Olly, from a loving upper middle-class home, grows into both his genius, and concern for the happiness and safety of his fellow Torontonians. In a normal privileged man of his era, this might nurture a politician. But Oliver is a prodigy, and though a series of inventions, he accidentally creates of himself the world’s first superhero.
Embracing the cliche, Olly roams the night protecting Toronto the Good, and takes his banner to the front lines when 1939 hits and the war office calls. This is where the comic-book fairytale ends.
Because in the mud of the trenches and the blood of the battlefield, the horror of the concentration camps and the agony of the experimental lab, Olly realizes that he’s been going about heroics all wrong: heroes can save the world. But Villains?
Villains can change it.
And when he comes back to Toronto, it’s not as it’s savior. Only, Olly’s plans never quite work out the way he wants. He flits through relationships, through the self-discovery of his own sexuality and prejudices, through struggles with the PTSD and agoraphobia forced on him by his time in a prison camp, and through a few stints in the Don Valley Jail.
In the end, Olly does end up saving the world. Not in the way he always thought he would, but through the hard work of an academic researching the history of the mysterious figure who seems to have been behind every major improvement to the city - a woman named Rachel whose own complicated history with villainy is told in tandem with Olly’s.

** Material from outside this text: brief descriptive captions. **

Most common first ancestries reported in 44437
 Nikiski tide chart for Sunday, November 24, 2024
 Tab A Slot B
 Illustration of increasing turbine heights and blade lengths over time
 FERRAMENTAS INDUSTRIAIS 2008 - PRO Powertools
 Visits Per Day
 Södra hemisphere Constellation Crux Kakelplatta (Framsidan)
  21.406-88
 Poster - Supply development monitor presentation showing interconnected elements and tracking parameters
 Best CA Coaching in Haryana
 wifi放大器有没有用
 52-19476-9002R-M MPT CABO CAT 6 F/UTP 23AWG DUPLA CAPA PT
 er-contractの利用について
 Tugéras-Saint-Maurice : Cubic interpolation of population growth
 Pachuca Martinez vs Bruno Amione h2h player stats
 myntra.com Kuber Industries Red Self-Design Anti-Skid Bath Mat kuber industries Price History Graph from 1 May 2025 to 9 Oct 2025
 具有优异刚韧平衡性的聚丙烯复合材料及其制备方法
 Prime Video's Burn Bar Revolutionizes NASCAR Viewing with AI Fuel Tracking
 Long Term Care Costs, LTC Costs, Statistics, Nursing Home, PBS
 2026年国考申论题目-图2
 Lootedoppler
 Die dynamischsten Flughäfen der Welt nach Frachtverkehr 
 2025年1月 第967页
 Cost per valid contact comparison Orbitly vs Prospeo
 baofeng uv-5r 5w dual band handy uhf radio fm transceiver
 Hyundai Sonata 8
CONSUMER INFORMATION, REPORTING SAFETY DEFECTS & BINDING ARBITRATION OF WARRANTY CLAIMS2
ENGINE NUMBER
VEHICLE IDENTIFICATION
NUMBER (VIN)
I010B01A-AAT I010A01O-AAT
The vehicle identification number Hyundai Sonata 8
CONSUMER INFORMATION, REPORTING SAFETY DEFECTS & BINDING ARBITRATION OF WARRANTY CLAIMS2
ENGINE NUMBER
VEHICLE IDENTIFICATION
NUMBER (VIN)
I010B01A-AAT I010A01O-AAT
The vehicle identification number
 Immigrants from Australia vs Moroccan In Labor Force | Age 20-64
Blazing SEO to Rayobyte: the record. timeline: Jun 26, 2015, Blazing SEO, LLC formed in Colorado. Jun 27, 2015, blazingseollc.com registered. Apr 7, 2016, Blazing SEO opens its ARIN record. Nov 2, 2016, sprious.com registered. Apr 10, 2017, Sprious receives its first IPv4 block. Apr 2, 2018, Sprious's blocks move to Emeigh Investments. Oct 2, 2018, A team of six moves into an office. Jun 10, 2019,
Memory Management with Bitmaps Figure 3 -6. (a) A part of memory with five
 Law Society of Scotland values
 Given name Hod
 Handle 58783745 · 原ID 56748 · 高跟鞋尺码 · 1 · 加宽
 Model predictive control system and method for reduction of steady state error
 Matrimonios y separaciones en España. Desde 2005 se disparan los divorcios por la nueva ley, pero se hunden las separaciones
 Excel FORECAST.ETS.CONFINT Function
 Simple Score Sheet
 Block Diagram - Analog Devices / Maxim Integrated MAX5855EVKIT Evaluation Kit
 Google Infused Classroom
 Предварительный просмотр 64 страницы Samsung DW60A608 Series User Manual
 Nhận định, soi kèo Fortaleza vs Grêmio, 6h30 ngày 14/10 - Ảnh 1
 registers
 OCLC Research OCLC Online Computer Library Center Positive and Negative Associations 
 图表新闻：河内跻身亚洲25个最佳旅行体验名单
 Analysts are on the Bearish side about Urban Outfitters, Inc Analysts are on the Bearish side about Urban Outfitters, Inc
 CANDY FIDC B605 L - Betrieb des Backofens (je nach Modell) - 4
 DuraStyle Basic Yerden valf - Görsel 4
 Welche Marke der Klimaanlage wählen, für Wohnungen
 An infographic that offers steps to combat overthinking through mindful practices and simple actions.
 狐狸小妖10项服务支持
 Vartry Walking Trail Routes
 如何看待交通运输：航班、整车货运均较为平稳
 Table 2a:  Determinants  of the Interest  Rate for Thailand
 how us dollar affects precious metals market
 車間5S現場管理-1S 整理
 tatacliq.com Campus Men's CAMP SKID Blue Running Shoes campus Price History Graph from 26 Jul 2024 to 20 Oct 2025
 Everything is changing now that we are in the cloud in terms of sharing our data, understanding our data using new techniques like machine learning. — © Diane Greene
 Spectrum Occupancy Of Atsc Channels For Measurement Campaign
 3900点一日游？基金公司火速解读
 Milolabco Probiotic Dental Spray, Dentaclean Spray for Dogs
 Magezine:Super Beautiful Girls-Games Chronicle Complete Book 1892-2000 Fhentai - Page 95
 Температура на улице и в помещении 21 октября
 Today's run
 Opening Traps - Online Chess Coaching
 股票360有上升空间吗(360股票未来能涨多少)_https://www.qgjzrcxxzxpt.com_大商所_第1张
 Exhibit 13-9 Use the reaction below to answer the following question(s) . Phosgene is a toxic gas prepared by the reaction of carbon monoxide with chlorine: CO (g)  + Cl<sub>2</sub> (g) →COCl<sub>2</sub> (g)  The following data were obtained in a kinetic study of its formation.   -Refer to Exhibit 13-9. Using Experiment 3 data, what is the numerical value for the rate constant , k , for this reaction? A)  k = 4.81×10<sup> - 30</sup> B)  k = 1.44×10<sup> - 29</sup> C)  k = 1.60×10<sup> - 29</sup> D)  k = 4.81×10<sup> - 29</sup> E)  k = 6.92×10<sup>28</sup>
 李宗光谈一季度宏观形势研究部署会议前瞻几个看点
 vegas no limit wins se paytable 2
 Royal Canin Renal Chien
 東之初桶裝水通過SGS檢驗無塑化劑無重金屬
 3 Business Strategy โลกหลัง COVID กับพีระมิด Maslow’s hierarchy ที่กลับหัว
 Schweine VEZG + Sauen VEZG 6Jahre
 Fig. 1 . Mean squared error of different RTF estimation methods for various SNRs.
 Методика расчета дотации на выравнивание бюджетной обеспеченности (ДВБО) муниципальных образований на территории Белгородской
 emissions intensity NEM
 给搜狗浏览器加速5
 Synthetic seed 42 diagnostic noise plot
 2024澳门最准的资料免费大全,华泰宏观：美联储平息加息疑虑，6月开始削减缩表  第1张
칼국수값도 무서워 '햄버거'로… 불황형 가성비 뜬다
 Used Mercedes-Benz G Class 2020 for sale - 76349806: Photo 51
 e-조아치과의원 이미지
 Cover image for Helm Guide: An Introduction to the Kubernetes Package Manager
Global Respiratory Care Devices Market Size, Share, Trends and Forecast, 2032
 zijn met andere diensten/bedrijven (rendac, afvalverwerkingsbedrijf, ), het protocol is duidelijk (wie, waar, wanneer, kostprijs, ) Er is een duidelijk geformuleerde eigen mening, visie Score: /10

Grounded in historical and geographical reality, but set in a world where the fantastical is slightly closer to the surface than ours, “The Maddening Science” isn’t quite a graphic novel, nor found art, nor entirely a straight prose story. Told through a mix of documents, transcripts, diary entries, newspaper articles and detritus of academic research - all of which need to be entirely fabricated - this is a storytelling project that spans literary genres, and celebrates and explores the rich history of Toronto, both noble and notorious.